That hesitancy coming off a screen with the ball in his hand also makes Fredette more likely to give the ball away. He turned the ball over on 16.5% of his pick-and-roll possessions. The video below shows a variety of those pick-and-roll turnovers. You’ll see late passes to the screener, indecision and carelessness attacking with the dribble and hesitancy to shoot as he approaches the basket, all resulting in the ball going the other direction.
This next video should be one that Fredette watches everynight this summer before he goes to bed. It shows J.J. Redick running the pick-and-roll for the Magic this season. You’ll see a healthy mix of jumpshots as well as forays to the rim to keep the defense honest. The defining themes are Redick sizing up the defense and making a quick assertive decision about where the ball should go.

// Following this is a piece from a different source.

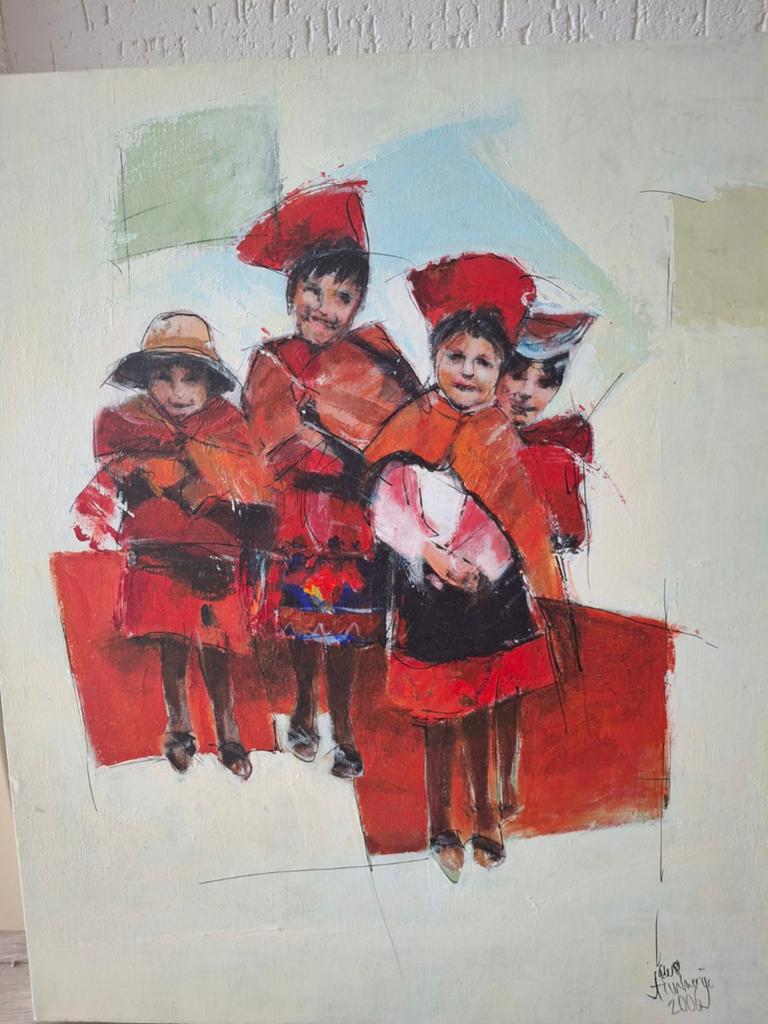 Schilderij van Hongaarse schilder, Antiek en Kunst, Ophalen of Verzenden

The pick-and-roll has become a huge part of what J.J. Redick does for the Magic on a nightly basis, and it will continue to be featured heavily on Fredette’s offensive menu. Redick has found a wonderful middle ground, throwing darts from the outside, keeping the defense honest by attacking the rim strong when the opportunity presents itself and intentionally moving defenders to create openings for his teammates. Fredette has the potential to be an incredible pick-and-roll player but he has to expand his attack to multi-dimensions.
Being slightly under-sized, lacking world-beating athleticism, and having displayed little defensive aggression in college it was expected that Fredette would struggle, possibly mightily, defending ball handlers. He was actually surprisingly effective in isolations, holding his opponents 0.67 points per possession on 57 possessions. But in the pick-and-roll Fredette’s rookie nature was exposed. The video below shows three representative examples of his pick-and-roll defense this season.

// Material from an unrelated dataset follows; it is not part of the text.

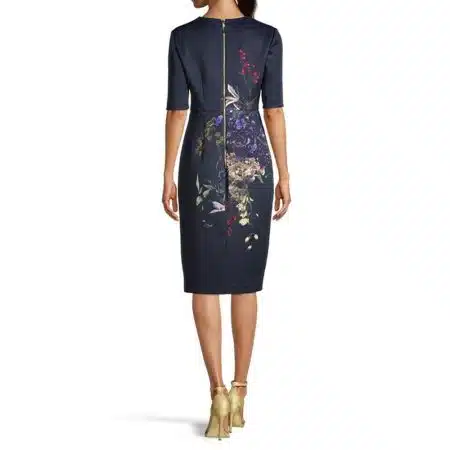 Ted Baker Carvir V Neck Half Sleeves Sheath Midi Bodycon Dress Zoom Boutique Store dress Ted Baker Carvir V Neck Half Sleeves Sheath Midi Dress | Zoom Boutique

I realize it’s a little unfair to judge his effectiveness by how he defends Chris Paul, but the flaws he displays here also showed against lesser pick-and-roll puppeteers. In all three of these plays Fredette either fails to anticipate the screen entirely, or gets fooled by a slight change. For example, in the first play when Kenyon Martin slips around simply sets the screen on the opposite he approached on. In each set Fredette is completely reactive and the execution of seasoned veterans takes him completely out of the play. Now watch Redick defend three pick-and-rolls involving Dwyane Wade and Norris Cole as ball handlers.
In all three sets Redick is actively anticipating both the coming screen and the movement of the ball, and he’s able to pro-actively avoid or disengage, keeping himself in the play enough to challenge the shot. This is not the manifestation of some remarkable innate defensive understanding. As a rookie, Redick was just as reactive and off-balance as Fredette. He’s obviously put a remarkable amount of time and mental effort into practicing and visualizing how to handle these situations and he’s made himself into a terrific defender. On the season, ball handlers scored just 0.74 points per possession in pick-and-rolls against Redick, a testament to how far he’s come. There’s no reason that the same inputs of focus and effort on Fredette’s part can’t produce similar outputs in defensive results.

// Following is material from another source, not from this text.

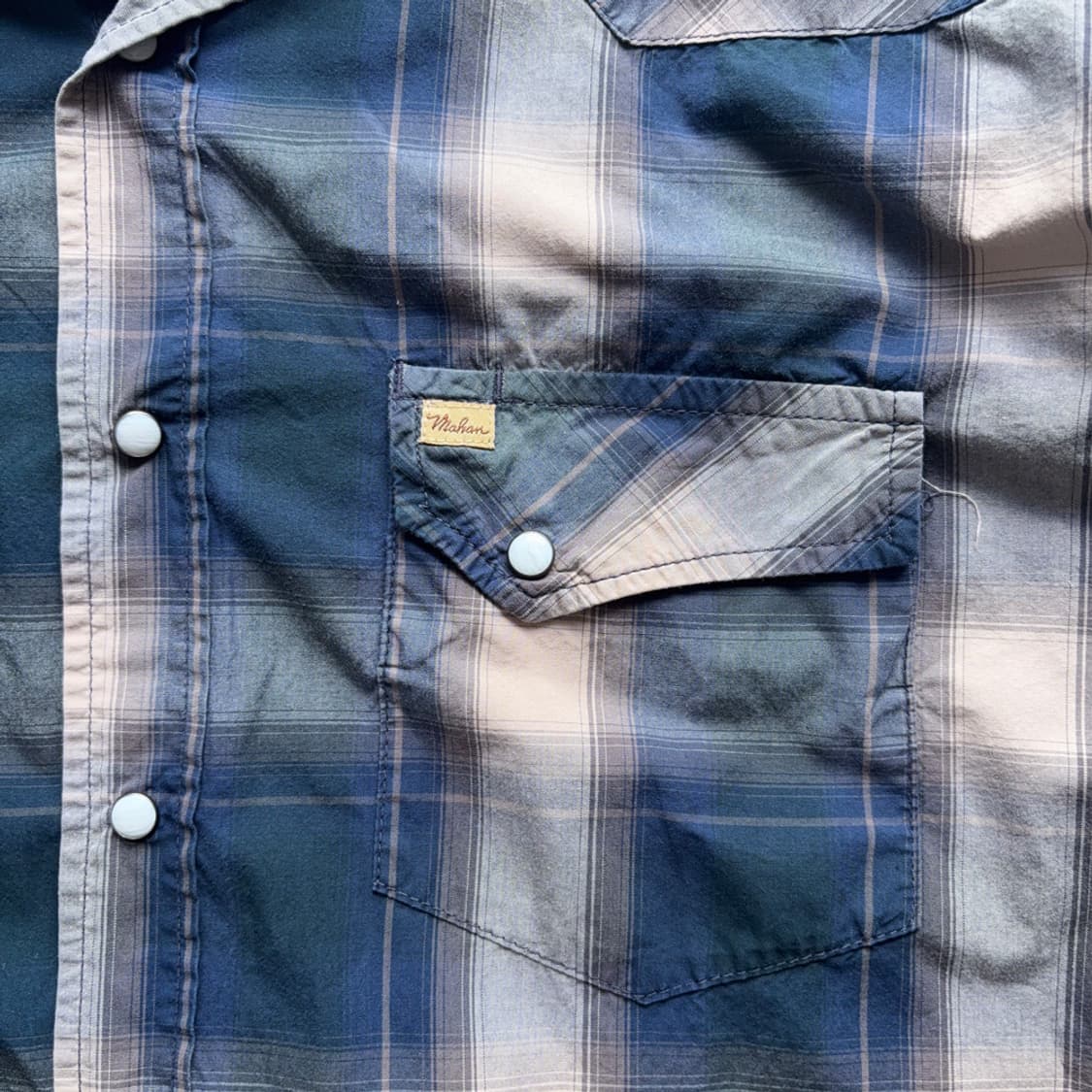 Larry Mahan Cowboy Check Shirt 상품이미지6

With Isaiah Thomas racing past and greedily snatching up game experience, Jimmer Fredette‘s rookie season may look like some sort of failure. But patience and context are the keys. Take your time machine back to last June and review what was expected. Jump back in, skip forward, and compare that to where he sits now. I believe you’ll find the difference is not as great as swiss-cheese memory makes it appear to be. Fredette is lacking a certain measure of blue-collar tenacity, confidence, and a physicality that will benefit him at both ends of the floor. But watching the development of J.J. Redick should leave you with the thought that his considerable ceiling is still well within reach.